PAUL PETERSON: Multi-instrumentalist with Oleta Adams, Kenny Loggins and Donny Osmond, and lead singer of fDeluxe
"I brought Mom with me to a concert I did with Oleta Adams at B.B. King's in New York City in 2006. Oleta is a huge fan of Mom's. As Oleta does every night, she introduced the band. When she got to me, she also announced my mom's name from stage and said, 'Jeanne, why don't you come up and play something?' Walking slowly, Mom really put on the old lady act on the way to the stage. Oleta got up from her keyboard, and the crowd didn't know what to think.

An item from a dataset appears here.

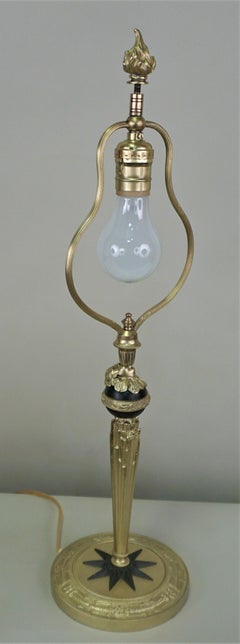 French Empire Style Bronze Table Lamp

Of course, in classic Jeanne style, she busted into some ridiculously complex up-tempo jazz piece, and the crowd went wild. They were on their feet, and Oleta said she had trouble getting back control of the show."
LINDA PETERSON: Jazz singer now based in Southern California
"It was a Monday night this month at the Old Log Theater. Mom was her old 'young' self, up on stage looking elegant, sitting at a beautiful ebony grand piano with a bunch of her peers, playing such swinging music I just couldn't get over it. She was in her element, playing great jazz with her contemporaries, none of them diminished musically by their advanced ages -- in fact, all playing as good or better than ever. It made me realize that my own mom is the finest female jazz pianist I've ever heard in all of my travels from Copenhagen to Palm Springs, bar none."